境内の本堂には、戦の生々しい痕跡が残されています。
本堂真正面から階段を上がり、向ってやや右方向の天井を見上げると、確かにそこに足跡のようなものが見られます。カキツバタの観賞が主な目的の今回の参拝でしたが、思わぬ歴史の足跡に息を呑みました。
長岳寺の血天井。
流れ出た血は重力で足元を伝うのでしょうか。必死の形相でこの地に辿り着いた武将の無念を思います。
血天井と言えば、京都の三十三間堂の前に佇む養源院の血天井がよく知られるところです。天井を見上げながら、ガイドの方が生々しい歴史を解説して下さったことをつい昨日のことのように思い出します。
龍王山城の十市遠忠!血天井の歴史
血痕の残る板をなぜ天井に嵌め込んだのか?
養源院などでもそうですが、そこには息絶えた武士に対する敬意が感じられます。忠節を誓った者たちの跡を、足で踏み付けるわけにはいかなかったのでしょう。
長岳寺の血天井には歴史案内は付きません。
家に帰って詳しく調べてみると、山の辺の道の東に位置する龍王山城との関係が浮かび上がります。龍王山城は大和の豪族であった十市遠忠が築いた城です。その城を松永弾正久秀に攻められ、長岳寺境内でも戦乱があったものと思われます。
斬り付けられた十市方の武将が血まみれになって、縁側から本堂に逃げ込み、この場所で息絶えたと伝えられます。
長岳寺本堂。
手前に鐘、向こう側には賓頭虜尊者が見えます。
龍王山城主の十市遠忠においては、「ジャンジャン火伝説」という悲しくも怖ろしいお話が伝えられていますが、長岳寺の血天井にも同じような怨念のようなものが感じられます。忘れたくても忘れられない、そんな人間の想いが伝わってくるのです。
長岳寺肘切門が見えますね。
刀の切れ味を披露したことに由来する肘切門。
長岳寺の歴史をあちこちに見ながら、その通って来た道のりの長さを思います。血天井の天井の板は、血が付いた縁側の板を天井に張り替えたものです。

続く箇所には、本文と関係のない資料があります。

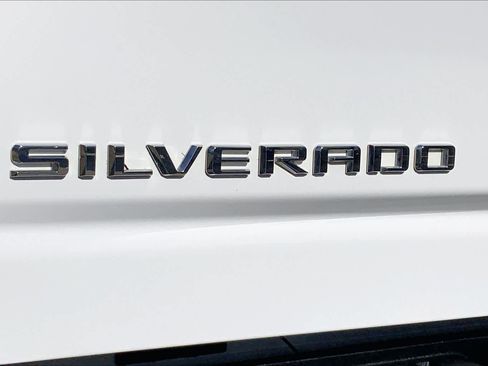 Used 2022 Chevrolet Silverado 2500 LT w/ Convenience Package image 30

さすがにそのまま縁側の板としては使えなかったのでしょう。
本堂内の多聞天像。
天井にも何か描かれていますね。
所謂「天井画」と呼ばれるものなのでしょうか。聖徳太子生誕の地と言われる橘寺境内でも、往生院の天井画を楽しむことができます。畳の上に仰向けになって鑑賞する天井画なのですが、ここ長岳寺の天井画はそれほど本格的なものではなさそうです。
長岳寺本堂と杜若。
本堂と鐘楼門の間に見えている長いポールは被雷針でしょうか。
重要文化財の建築物を守るために講じられている対策の一つのようです。
長岳寺の賓頭虜尊者。
びんずる尊者の頭上斜め上に血天井があります。
この位置からも血天井を確認することができます。
お札の上の方にべっとりと血糊が付着しています。
長岳寺の最寄り駅はJR柳本駅ですが、一つ北側のJR長柄駅周辺を歩いた時にも戦の臭いを感じたのを思い出します。戦艦大和の御魂を祀る大和神社もすぐ近くにあります。そもそも長岳寺は大和神社の神宮寺として創建されています。

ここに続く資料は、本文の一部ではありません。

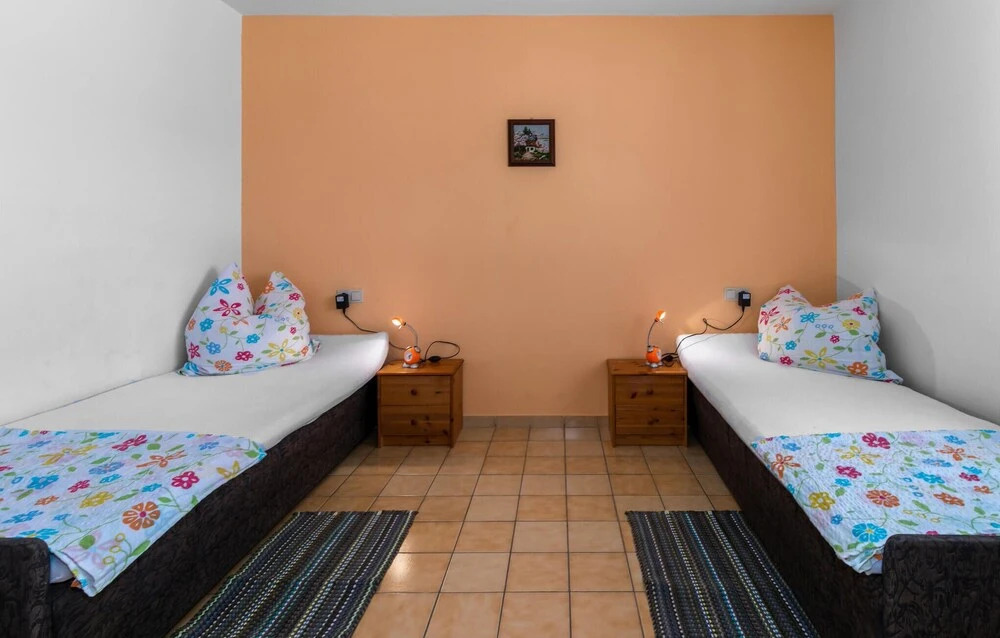 Beautiful Apartment in Klenovica With Wifi and 2 Bedrooms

時代は違いますが、戦いの跡が見られるという点では、何か共通するものを感じます。
長岳寺庫裏。
山の辺の道ハイキングで訪れる人も多い長岳寺。
カキツバタや紅葉、それに阿弥陀三尊像の他にも意外な見所を発見することができました。
長岳寺参詣の際には、是非一度本堂の血天井を確認されることをおすすめします。